Inżynierzy z Audi są jednymi z pionierów w konstruowaniu dwusprzęgłowej automatycznej skrzyni biegów. Sprawdzimy, jak funkcjonuje to rozwiązanie w najnowszej odsłonie sportowej limuzyny z serii A7.
Jeżeli przyjrzymy się palecie jednostek napędowych jakie daje nam do wyboru Audi w nowym A7, szybko zauważymy, że praktycznie wszystkie są sprzężone z automatyczną skrzynią biegów S tronic. Ten model zautomatyzowanej przekładni działa na zasadzie “dwóch skrzyni w jednej”, czyli jedna przekładnia odpowiada za biegi “parzyste”, a druga za “nieparzyste”. Rozwiązanie to gwarantuje niezwykle płynne przełączanie biegów, bez szarpaniny między zmianami i przyjemnym kopniakiem tylko na starcie. Skrzynia ta idealnie współgra ze sportowym charakterem auta, pozwalając mu na dynamiczną jazdę nawet na autostradzie, jednocześnie pozwalając na przyjemną i komfortową jazdę w mieście. Niemieccy konstruktorzy zastosowali też podwójny obieg hydrauliczny, który znacznie podniósł maksymalny moment obrotowy.

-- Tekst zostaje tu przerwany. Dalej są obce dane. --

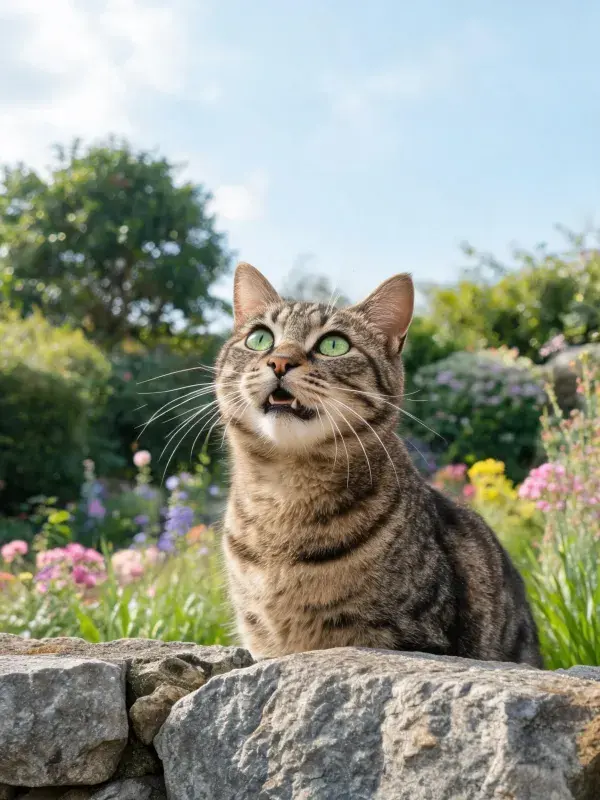 石墙后的短毛虎斑猫特写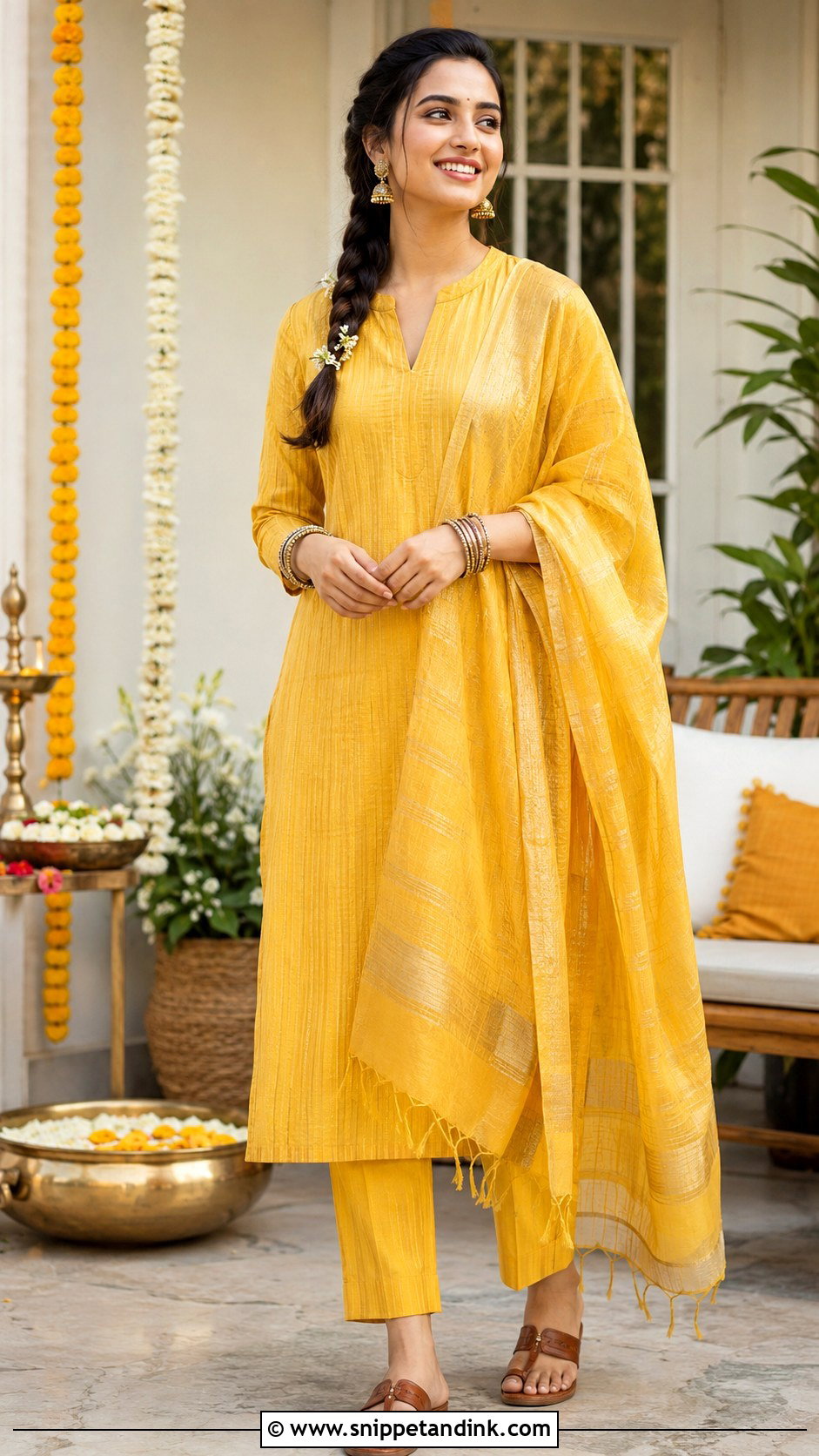 Yellow Handloom Kurta Set Haldi Outfit - Snippet and Ink - 20 Haldi Traditional Outfit Ideas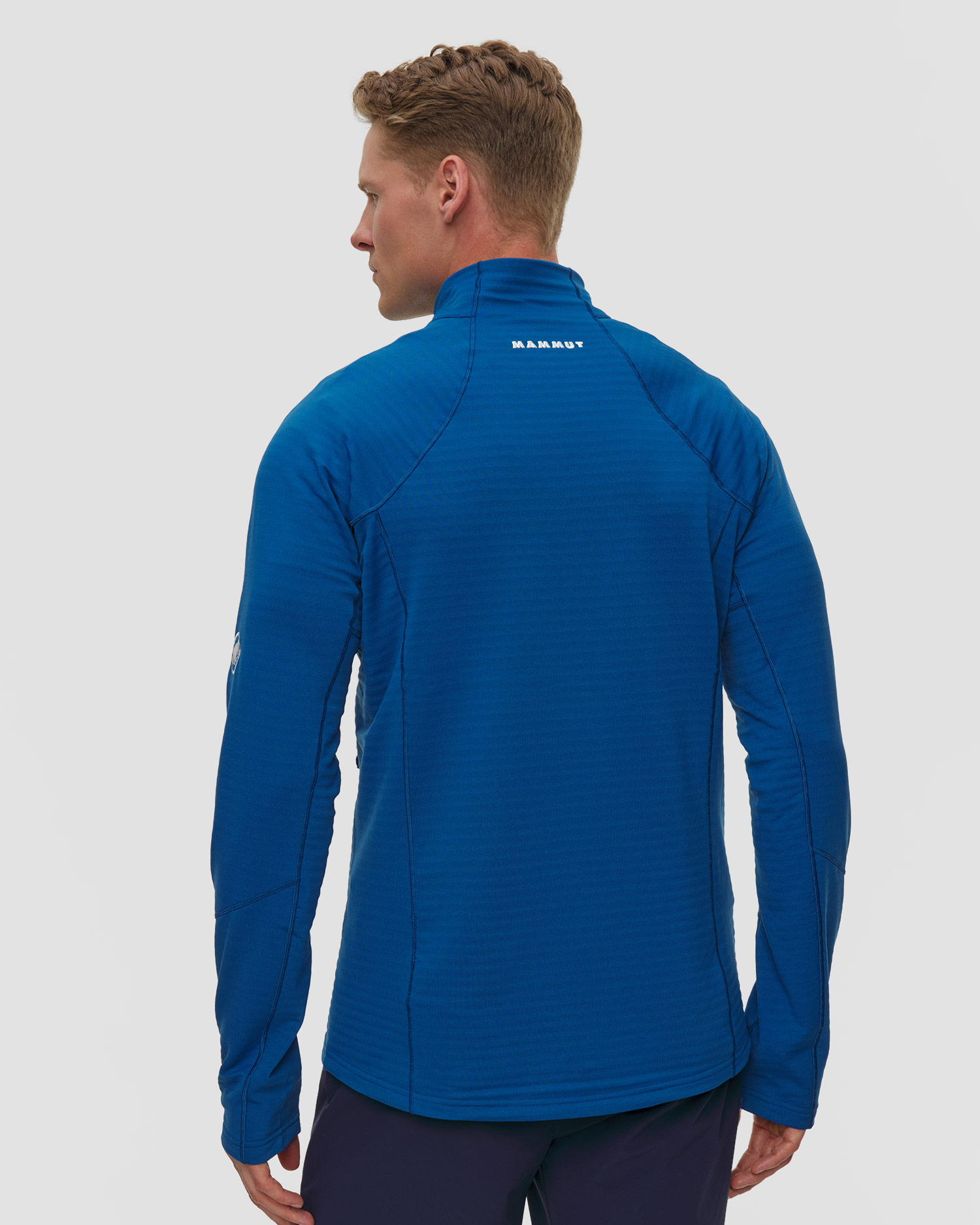 Sweat-shirt midlayer bleu pour hommes Mammut Taiss ML Jacket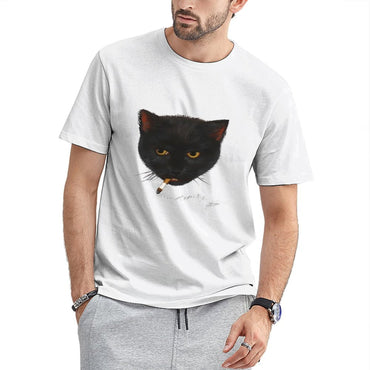 Inkmay Casual  Cotton T-shirt Black Cat Smoking Cigarette Art Print Unisex T-shirtRetro Daily T-Shirt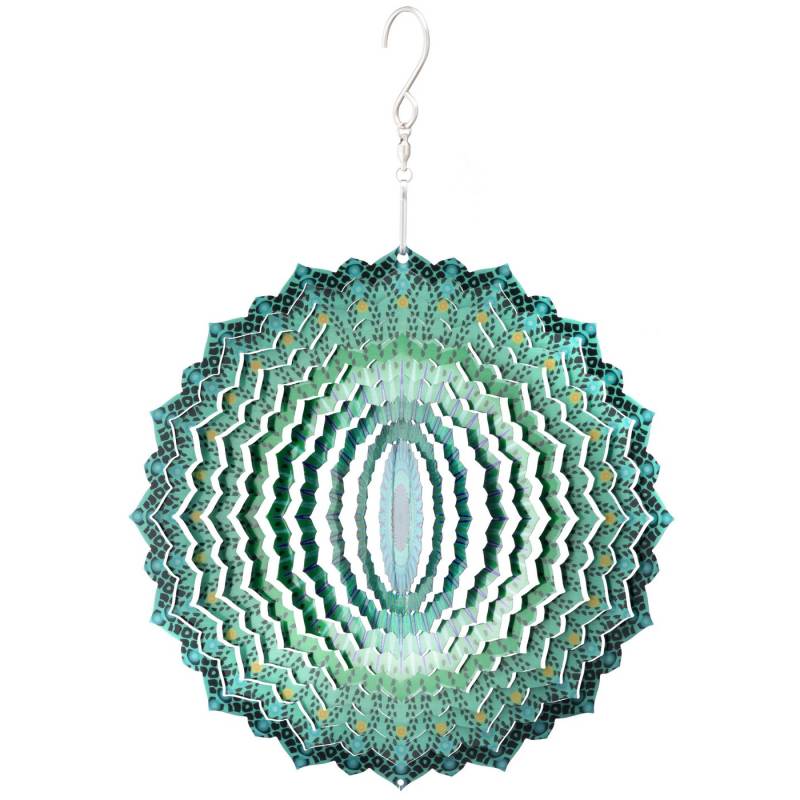 Navaris Windspiel Windspiel Draußen Ø15cm Garten Windspiel hängend Windrad aus Metall (1 St), Windspinner Gartendeko aus Edelstahl Verschiedene Designs von Navaris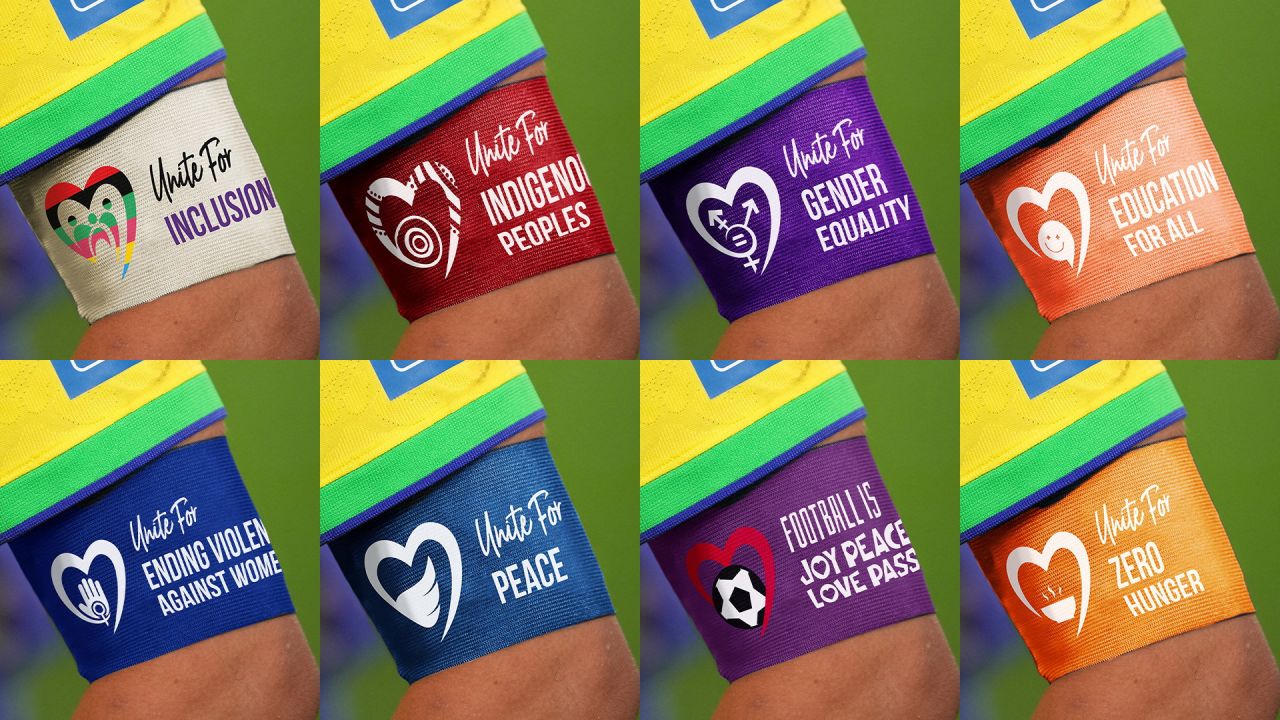 A combination mock-up picture shows the armbands that FIFA says team captains will be permitted to wear during the 2023 FIFA Women's World Cup, in this undated handout image released on June 30, 2023.
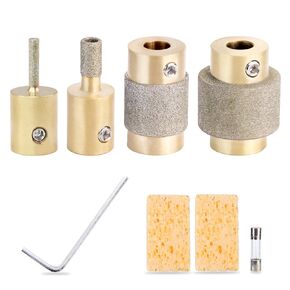 Combination Set 1 3/4 1/4 1/8 Inch Diamond Grinder Bit Head Tools Brass Core Stained Glass Grinder Bits & Diamond Grinder Bit Head Tools, Tools and Supplies for Stained Glass (4)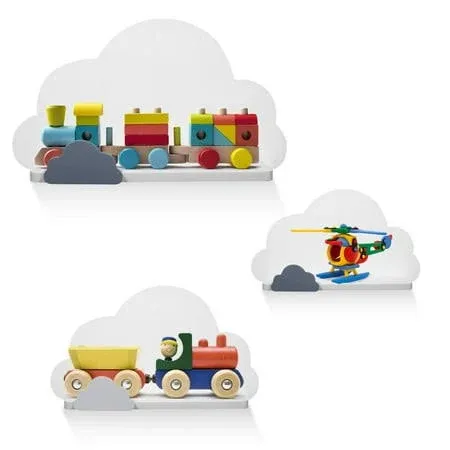 Topkai Set of 3 Cloud Shelves for Kids Room - Wooden Floating Wall Shelf Cloud ...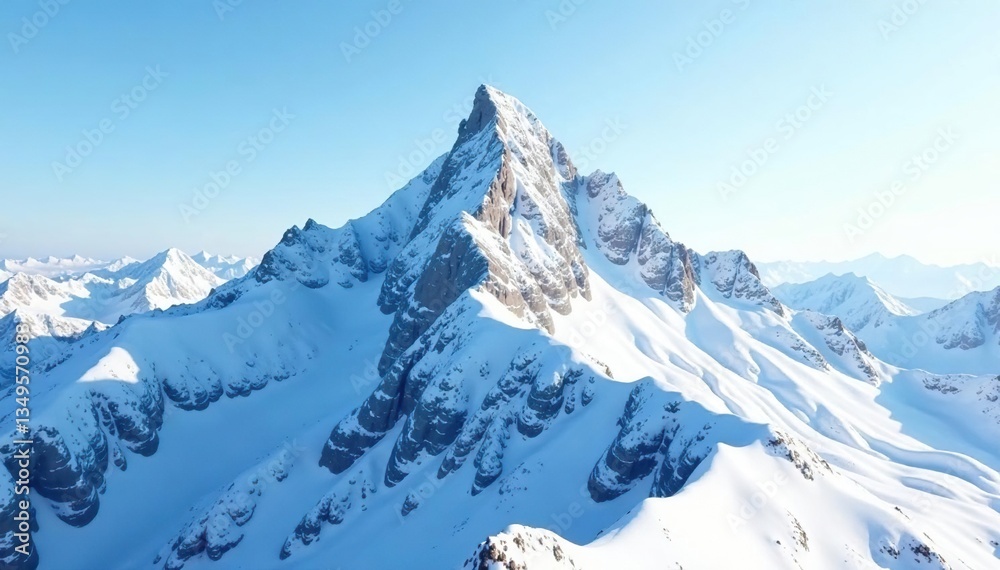 Fototapeta premium Snow-covered mountain peak, pristine white expanse, sky, alpine, white background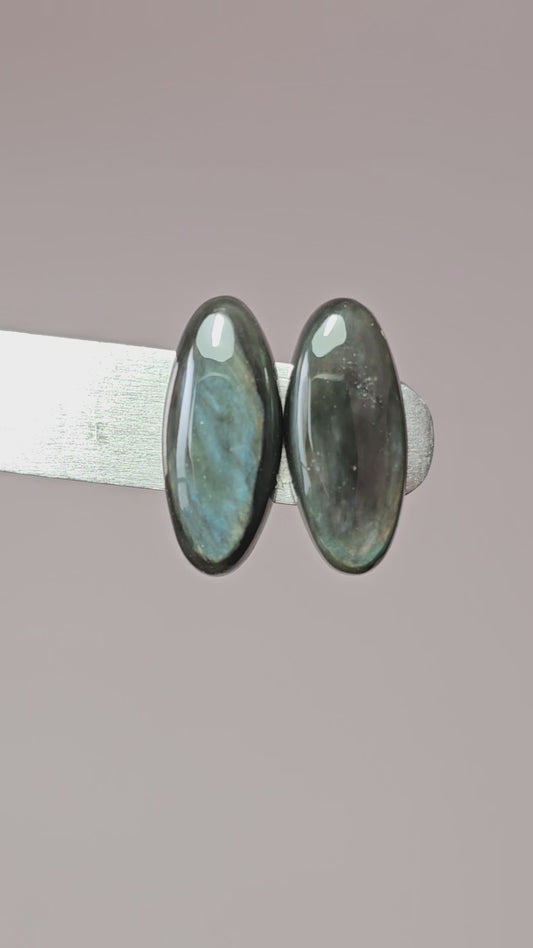 Velvet obsidian Cabochon Pair | Natural Mexican Obsidian for Silversmiths
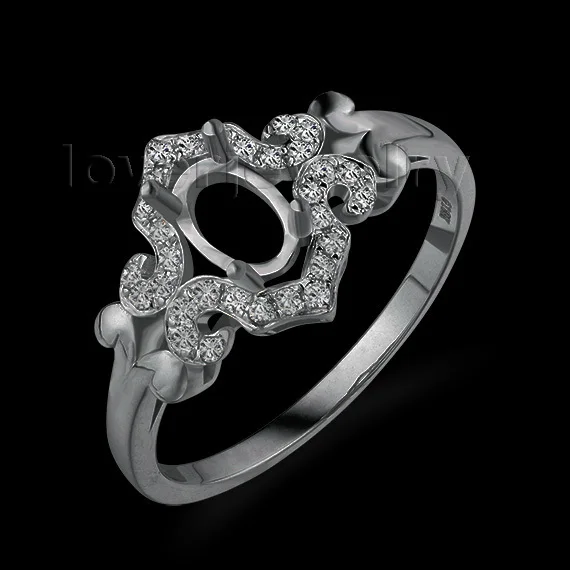 

New !Oval 4x6mm 18kt White Gold Natural Diamond Semi mount Engagement Ring WU256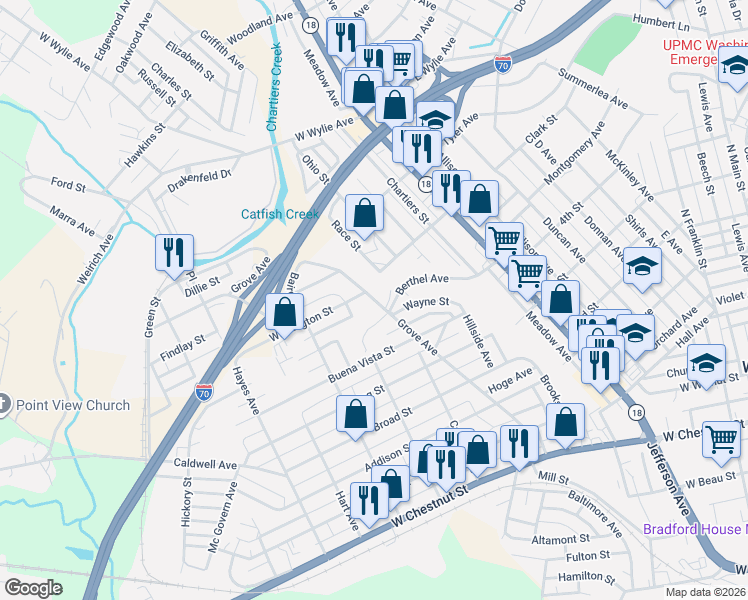 map of restaurants, bars, coffee shops, grocery stores, and more near 660 Grove Avenue in Washington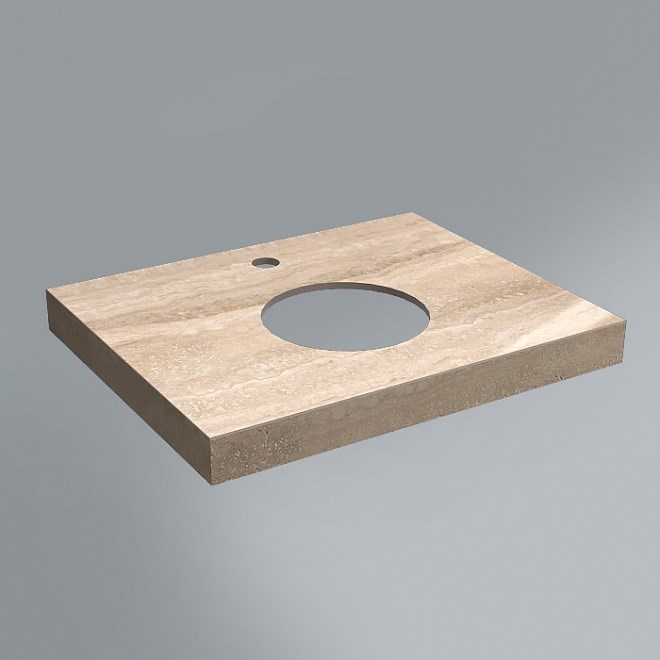 Столешница из керамогранита для накладных раковин, Риальто 60 см, бежевый лаппатированный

Producent gwarantuje zużycie paliwa niższe, aż o 10-15% w porównaniu ze skrzynią manualną, co naprawdę robi wrażenie. Ciekawostką jest, że czas przełączenia biegu wynosi niewyobrażalnie mało bowiem 0,015 sekundy! Wszystko to sprawa, że automat S tronic cieszy się zaufaniem i popularnością w segmencie aut premium. Dużą wadą są na pewno koszty wizyty u mechanika. Najczęściej usterki są związane z mechatroniką, czyli elektroniką samochodu. W większości przypadków usterki te związane są ze zwyczajną eksploatacją urządzenia. Koszty naprawy mogą wynieść nawet kilka tysięcy złotych, dlatego warto pomyśleć o regeneracji skrzyni biegów i przeprowadzić ją w fachowym warsztacie. Po przejechaniu 200tys kilometrów może też dojść do usterki “dwumasy”.
Podsumowując, automatyczna skrzynia biegów w nowym A7 to naprawdę kawał dobrej i solidnej roboty pod szyldem Audi. Jedyne o czym musimy pamiętać to wysokie koszty napraw, ale nie zepsuje to z pewnością wrażeń podczas jazdy.